The problem is not that we don't have enough files, actually we can not free IMSIC files immediately so that other VCPUs can take those. We can not free an IMSIC file before rebind flow completes. So for some time a VCPU holds two IMSIC files at a time. This time slot is quite high so this issue occurs quite frequently and is easily reproduceable.

Yeah. I am suspecting this(rebind process time) is also the root cause for tvm slowness we are observing. That's why, we don't see that while pinning vcpus.

Here is the flow for rebinding in Linux.

  1. Acquire free file and mark as taken in bitmap.
  2. Complete the whole rebinding flow. (Begin, Fence, Clone, End).
  3. Mark previous IMSIC file as free in bitmap.

Now for example we have two VMs with two VCPU each and 2 PCPU machine.

Core0 Core1 VM0C0 VM0C1 VM1C0 VM1C1

We hit out-of-imsic files issue for the case when scheduler tries to move both VCPUs around as shown below. Core0 Core1 VM0C1 VM0C0 VM1C1 VM1C0

Now before VM0C0 and VM1C0 free their previous IMSIC files of Core0, VM0C1 and VM1C1 kick in and try to look for free IMSIC files. One of them will get it as we have total 3 files but other one will not.

Also we will hit the same case for below config. If the scheduler decides to move VM0C1 to core0 and VM1C0 to core-1 we will end-up in same problem. Core0 Core1 VM0C0 VM0C1 VM1C1 VM1C0

As you have suggested kvm should move to sw file instead, which I agree but support for runtime migration between HWACCEL and EMUL is missing in KVM AFAIK. I think working around this for now is better in-terms of getting the rfc out. We can then look into this issue later on.

Just a vague thought: We can also add another bitmap where we can record if there are any files which are in the freeing process and then the VCPU can wait (timed) rather than immediately going through the whole sw-file path.

atishp04 commented 1 year ago

As you have suggested kvm should move to sw file instead, which I agree but support for runtime migration between HWACCEL and EMUL is missing in KVM AFAIK. I think working around this for now is better in-terms of getting the rfc out. We can then look into this issue later on.

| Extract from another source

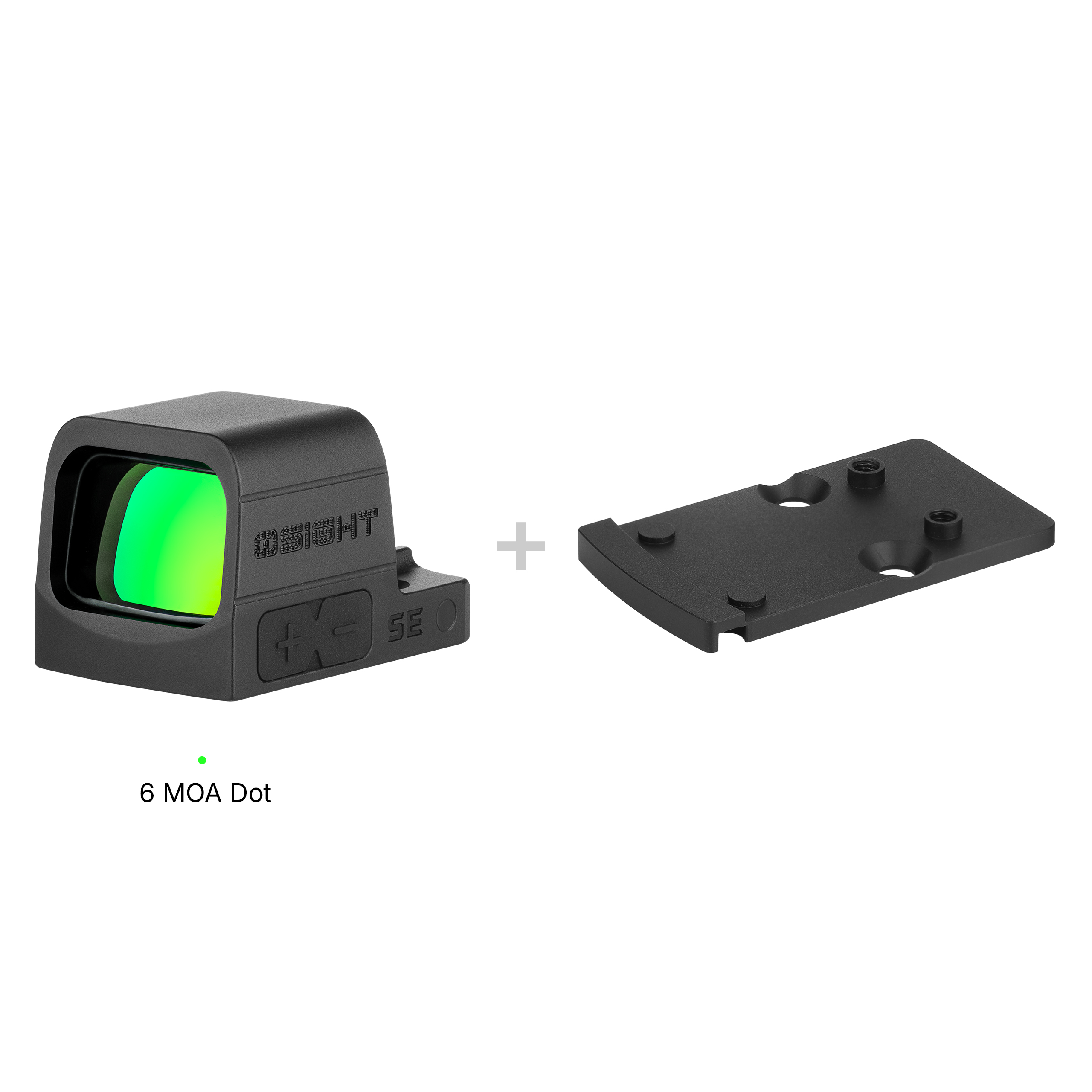 Osight Black SE 6 MOA Green Dot Sight and Mount Plate for Pistol Aiming and Shooting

Yeah, I'm fine with pushing this in, but it highlights a pretty significant problem with the AIA support in KVM. IMO at least two things are necessary:

  • A mode that indicates the vCPU is allowed to be swapped out to a SW file, but must use a real IMSIC file when running.

Yeah. For normal virtualization, KVM has AUTO mode which migrates to a swfile if vsfile allocation fails does. But it doesn't mandate hw imsic file when running and relies on trap n emulate. Currently, it will only tries to allocate hw imsic file only if vcpu is migrated to a new pcpu.

  • Support for evicting idle vCPUs to SW files.

yeah.

Anyway, I'll go ahead and merge this, but we should think more about how best to handle this on the KVM side.